- Stored data -
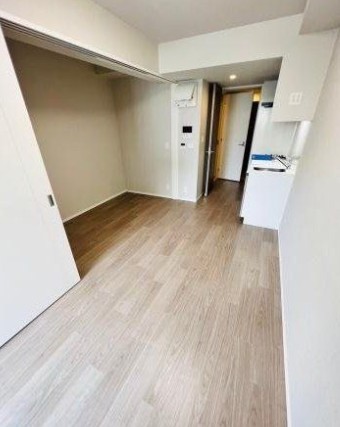 居室・リビング　こちらの居間で趣味の時間をお楽しみください
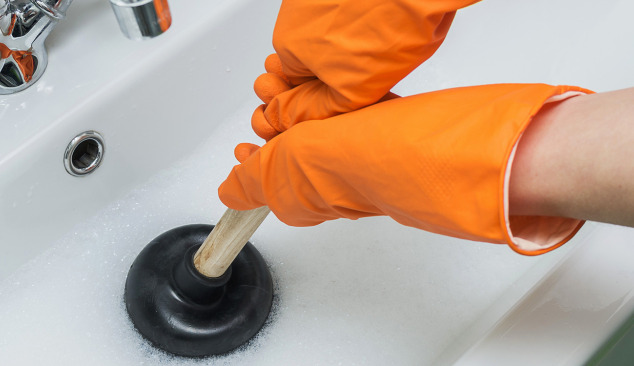 Ucpaný dřez - jak si s ním poradit?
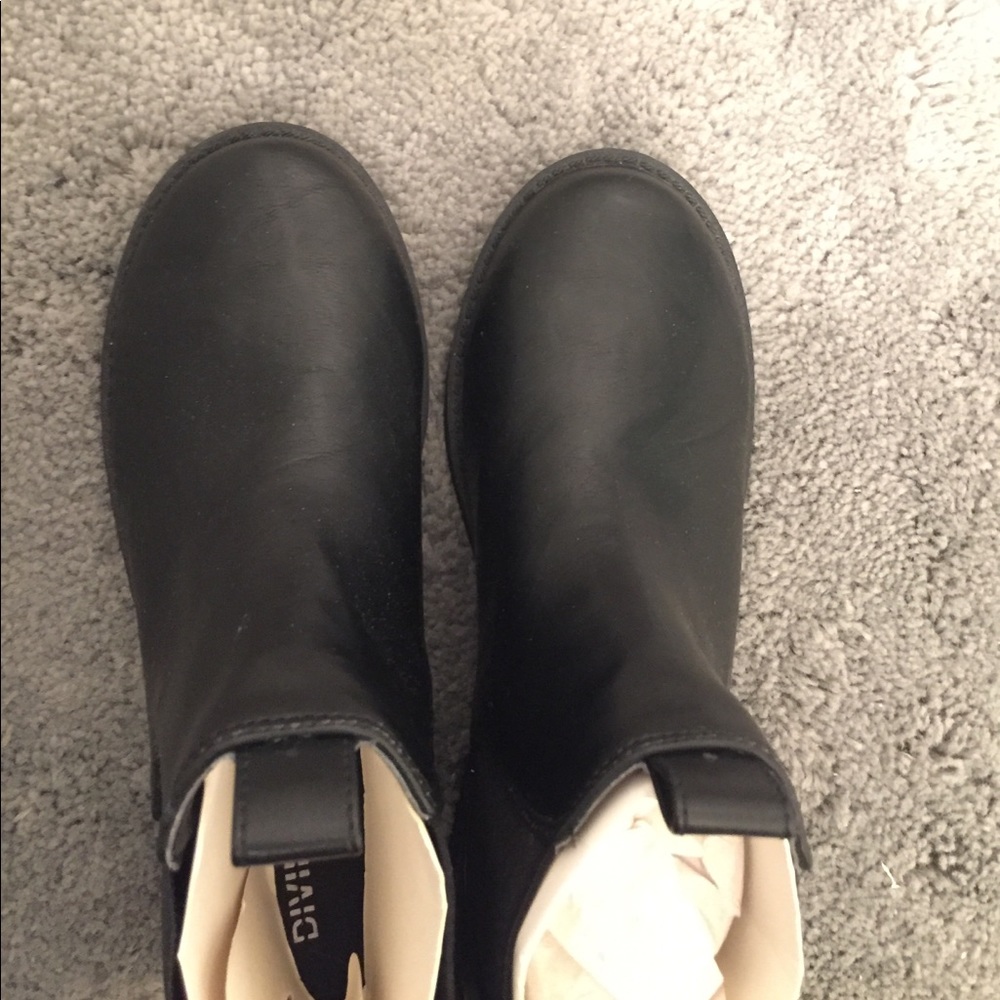 H&M Divided Ancle Booties - Picture 2 of 4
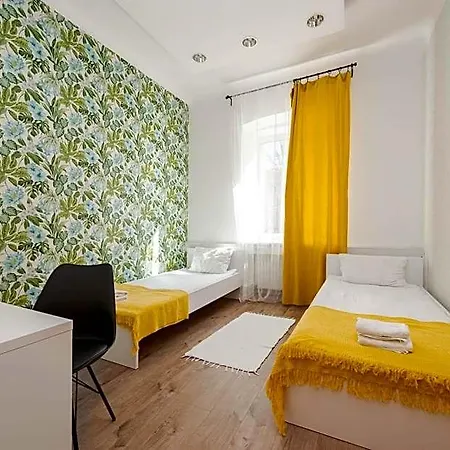 Royal Rooms*** Hotel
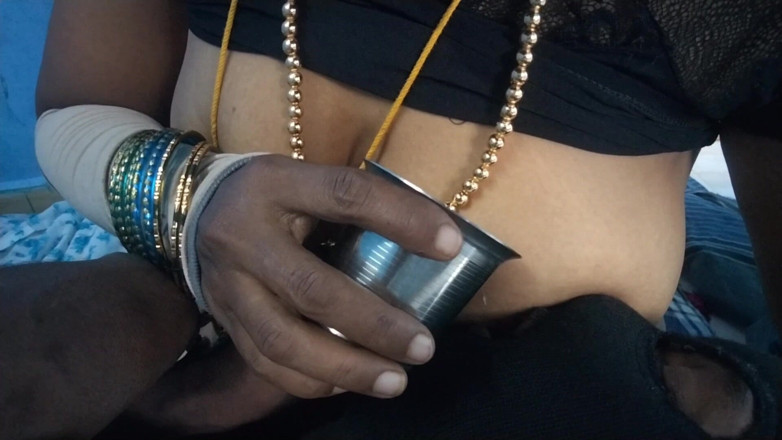 Benita sweety: Anni et moi nourrissons du lait chaud dans ma chambre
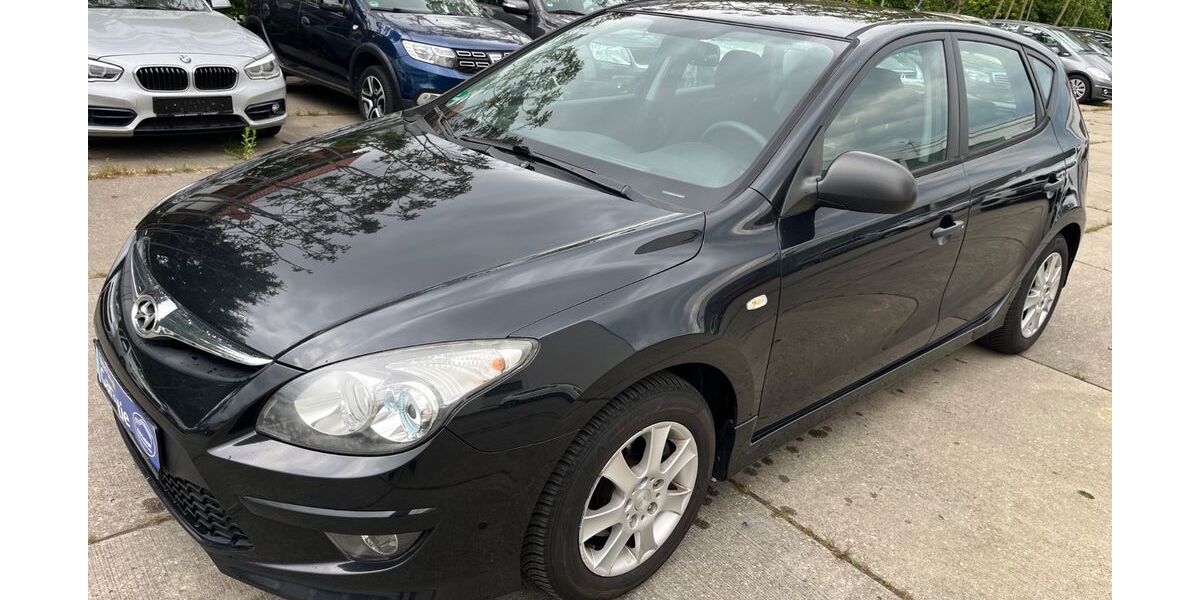 Hyundai i30 85.000 km 5.990 &euro; Dreieich 63303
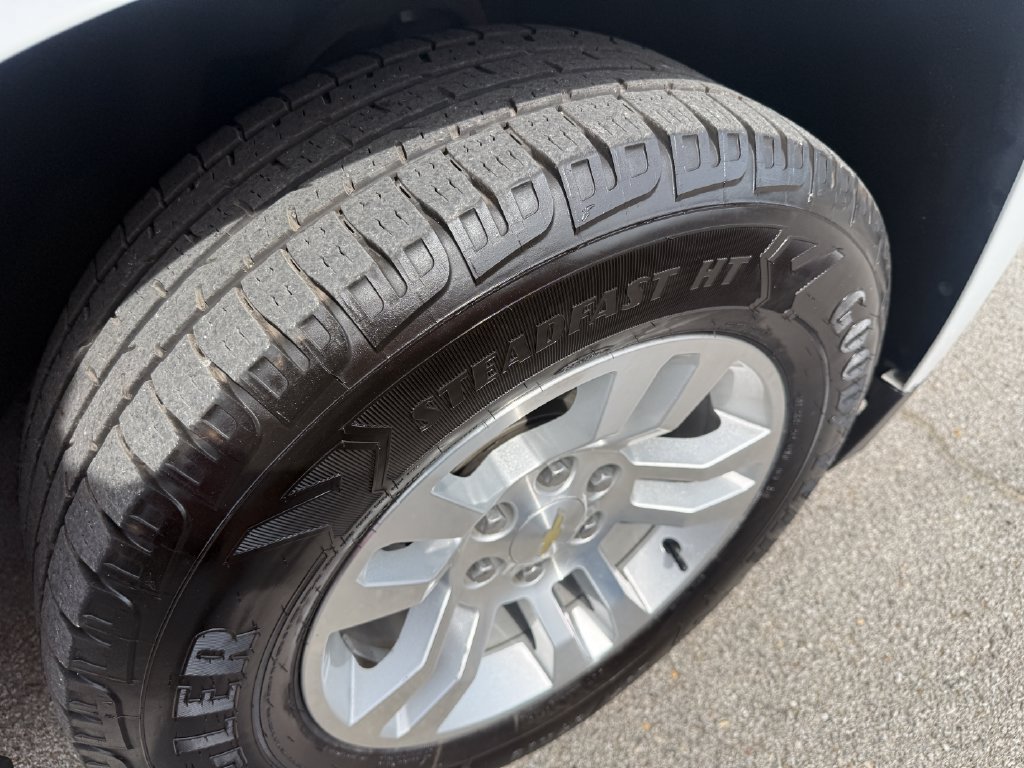 Used 2018 Chevrolet Suburban LT AWD/4WD image 43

- Problem details -
What is needed is an exact transcription of the lines from the one holding "Royal Rooms*** Hotel" to the end of the data, with every picture left out.

- Finished task -
 Royal Rooms*** Hotel
 Benita sweety: Anni et moi nourrissons du lait chaud dans ma chambre
 Hyundai i30 85.000 km 5.990 &euro; Dreieich 63303
 Used 2018 Chevrolet Suburban LT AWD/4WD image 43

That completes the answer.